If I’ve missed any athletes, please feel free to tell me in the comments!!

1. Bob Beamon, from South Jamaica, Queens and Jamaica High School.

There can be no debate about the greatest Olympic moment by a New Yorker.  Bob Beamon, from Jamaica High School in Queens, shattered the world record in the men’s long jump in 1968 by an amount unforeseen by the sport’s organizers.  His jump was beyond the measuring equipment–one foot 9 inches or 55 cm beyond teammate Ralph Boston’s then world record.  An excellent video summary of the event can be viewed here.  Beamon’s jump was measured at 8 meters 90 centimeters; although Beamon wasn’t familiar with the metric system and had to be told it was 29 ft. 2½ in.

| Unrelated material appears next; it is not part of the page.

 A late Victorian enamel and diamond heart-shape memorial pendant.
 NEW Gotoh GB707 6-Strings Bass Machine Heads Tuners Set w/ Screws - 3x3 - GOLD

Bob Beamon’s jump in Mexico City

Beamon’s rise to athletic fame is remarkable given his childhood.  His mother died while he was an infant.  He was expelled from school once.  But at Jamaica High School, he was discovered and mentored by the legendary track coach Ralph Ellis.  He started to break records and won a scholarship at Western College of the University of Texas (now University of Texas at El-Paso.  He didn’t graduate because he refused to compete against Brigham Young University over its racist policies.  Coached unofficially by Olympian Ralph Boston, he qualified for the 1968 Olympics in Mexico City as the favorite for the long jump.

Beamon’s yearbook photo from JHS

Jamaica High School in Queens

Beamon’s record lasted for 23 years, broken in Tokyo in 1991 by American Mike Powell by 5 centimeters.  Carl Lewis once jumped, remarkably at the same event as Powell, one centimeter past Beamon’s record in a wind-aided jump, but that effort is not eligible for the record books.  To put Beamon’s record in a different perspective–only one person has made a legal jump further than Beamon in history in official competition–48 years afterwards.  In Rio, the winning jump in the men’s event was 8.38 meters, more than half a meter short of Beamon’s jump.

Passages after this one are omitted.